In this article, we propose a formal framework to define TBR and THR for a binary endpoint and an estimation procedure based on the conditional independence of the potential outcomes. Our estimation strategy also naturally incorporates a sensitivity analysis scheme to assess the impact of assumption violation. In what follows, we describe the framework and estimation method in Section 2, apply the method to MADIT-II data in Section 3, assess the estimation procedure through a simulation study in Section 4, and conclude the article with a discussion section.

2. Method

2.1 Background

A well-accepted conceptual framework to study treatment effect is the potential outcomes (Holland, 1986; Rubin, 2007). In this framework, a subject is assumed to have two potential outcome values, Y₁ (under the intervention) and Y₀ (under the control). The treatment effect of the intervention is a contrast between Y₁ and Y₀, i.e. δ = Y₁ − Y₀. However, in reality often we only observe the potential outcome under the treatment the subject actually receives. The essential idea of potential outcomes, therefore, is the acknowledgement of the outcome that could have been observed had the subject received the treatment different from what s/he actually received. This practical difficulty prevents us from directly estimating the treatment effect for any given individual. Nevertheless, one can estimate the treatment effect averaged across patients through either randomized trials or observational studies (Rubin, 2007).

2.2 Definition

Roughly speaking, TBR is the proportion of the relevant population that benefits from the intervention as compared with the control for a given endpoint. THR is the proportion that is harmed by the intervention as compared with the control based on the same endpoint. Concepts of TBR and THR under specific definitions of “benefit” have been proposed in the literature (Albert, Gadbury and Mascha, 2005; Gadbury and Iyer, 2000; Gadbury, Iyer and Albert, 2004; Gadbury, Iyer and Allison, 2001). Nevertheless, previous literature has been focused on developing inferential bounds for TBR. Here we propose a general framework for the estimation of TBR/THR. Specifically, let Y₁ and Y₀ be the potential binary outcomes under the intervention and the control, respectively, with value 1 indicating more favorable health condition and 0 otherwise. Naturally, “benefit” and “harm” can be defined as

Benefit : (Y_{0} = 0, Y_{1} = 1); Harm : (Y_{0} = 1, Y_{1} = 0) .

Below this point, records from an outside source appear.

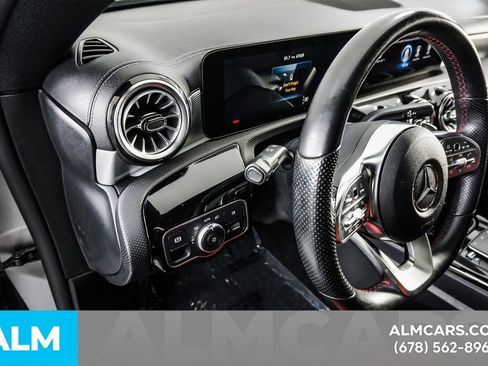 Used 2022 Mercedes-Benz CLA 250 w/ AMG Line image 33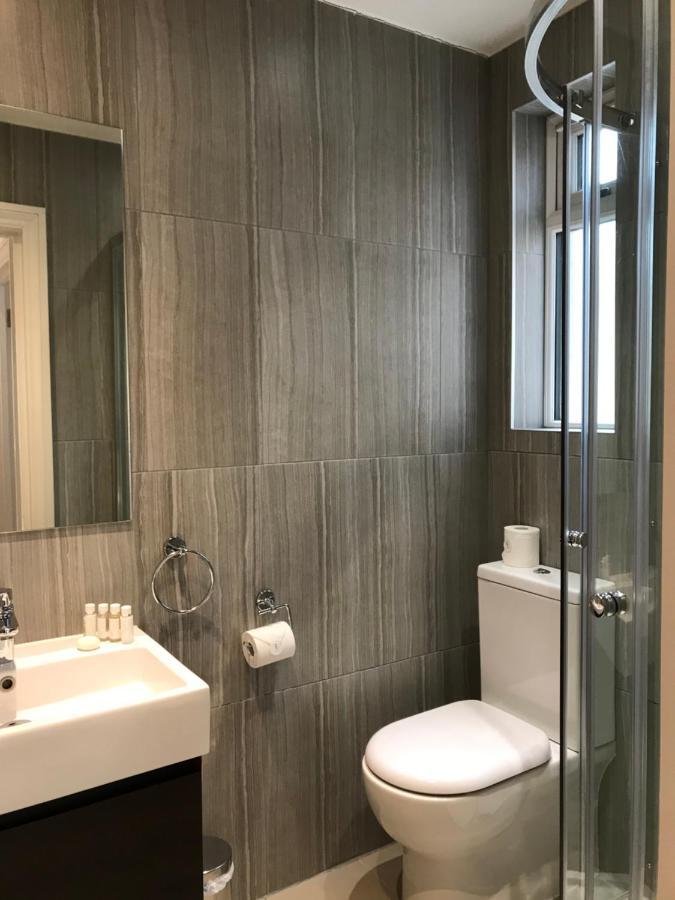 לונדון 25 Ongar Road By Viridian Apartments מראה חיצוני תמונה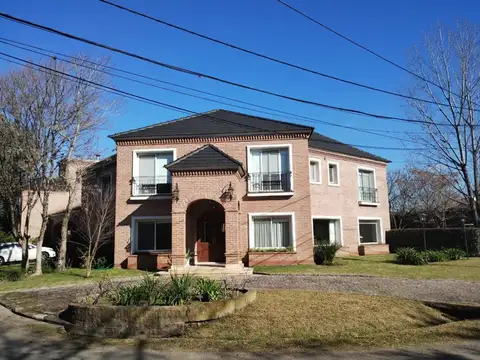 Casa en Venta en B° Los Fresnos, Muñiz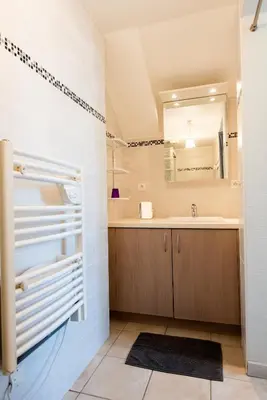 Salle de bains dans l'établissement gite montreuil le henri 2 pers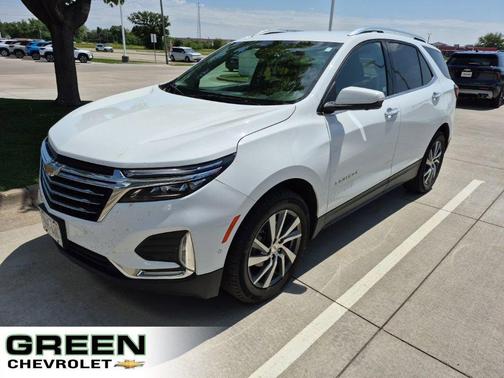 White 2022 Chevrolet Equinox Premier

Hence the TBR and THR can be defined as

TBR = Pr (Y_{0} = 0, Y_{1} = 1); THR = Pr (Y_{0} = 1, Y_{1} = 0) .

Obviously, the rest of the population, 1–TBR–THR, represent those subjects whose end-points remain the same regardless of treatment received. Straight forward algebra shows the following relationship:

TBR - THR = Pr (Y_{1} = 1) - Pr (Y_{0} = 1) .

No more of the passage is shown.